PROBLEM REQUIREMENTS = Your answer should be the lines below from the one holding "BLDG4 Streak Zip-up" through the one holding "Ashwagandha ksm 66", copied exactly and with nothing else.

RECORDS FOR THIS EXERCISE =
......

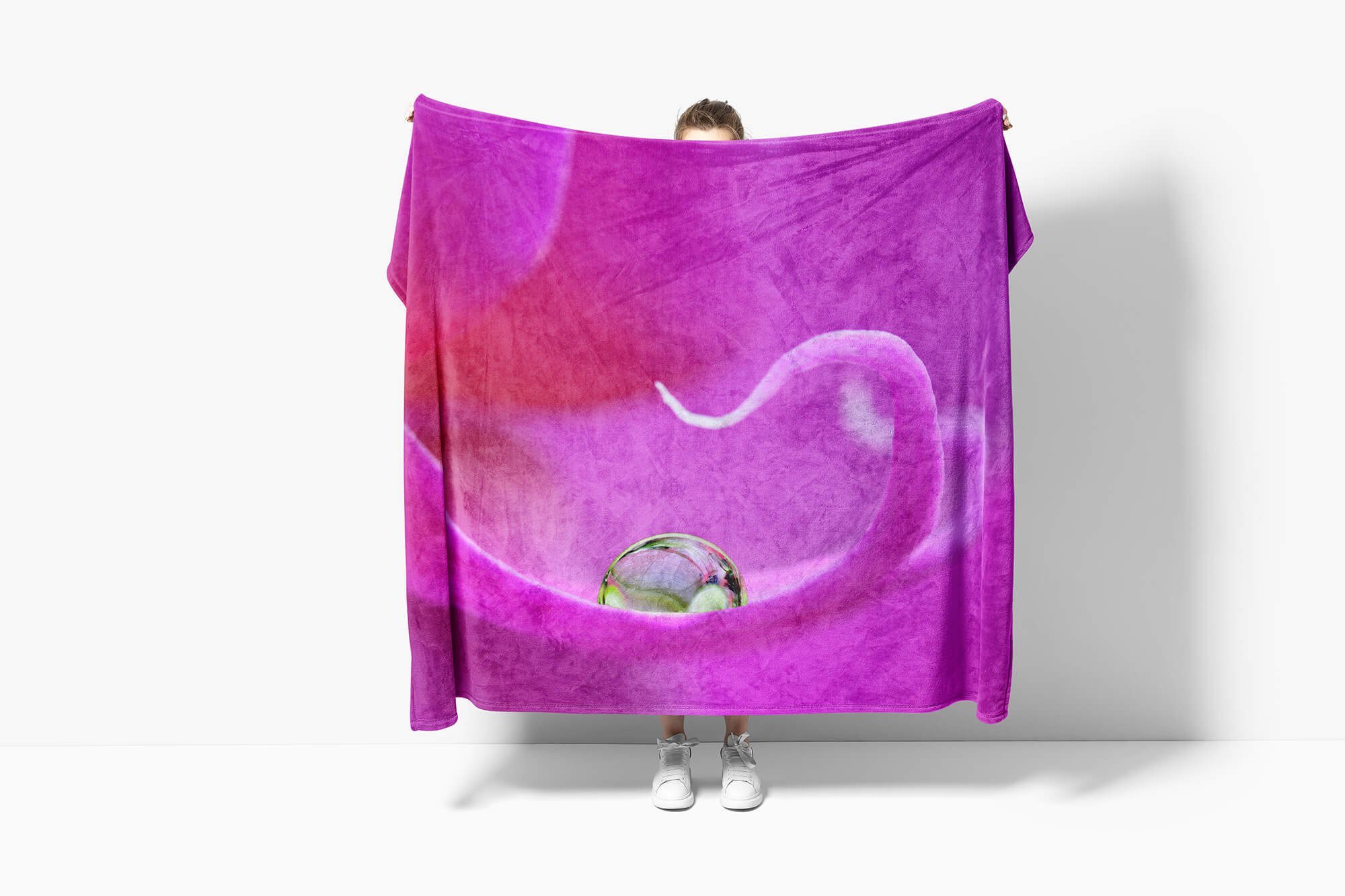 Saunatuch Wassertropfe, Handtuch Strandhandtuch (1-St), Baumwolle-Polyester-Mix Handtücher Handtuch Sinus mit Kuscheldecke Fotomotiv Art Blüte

......

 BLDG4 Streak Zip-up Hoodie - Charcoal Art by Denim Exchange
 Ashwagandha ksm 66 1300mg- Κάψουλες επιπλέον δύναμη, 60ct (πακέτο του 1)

......

WRITTEN SOLUTION =
 BLDG4 Streak Zip-up Hoodie - Charcoal Art by Denim Exchange
 Ashwagandha ksm 66 1300mg- Κάψουλες επιπλέον δύναμη, 60ct (πακέτο του 1)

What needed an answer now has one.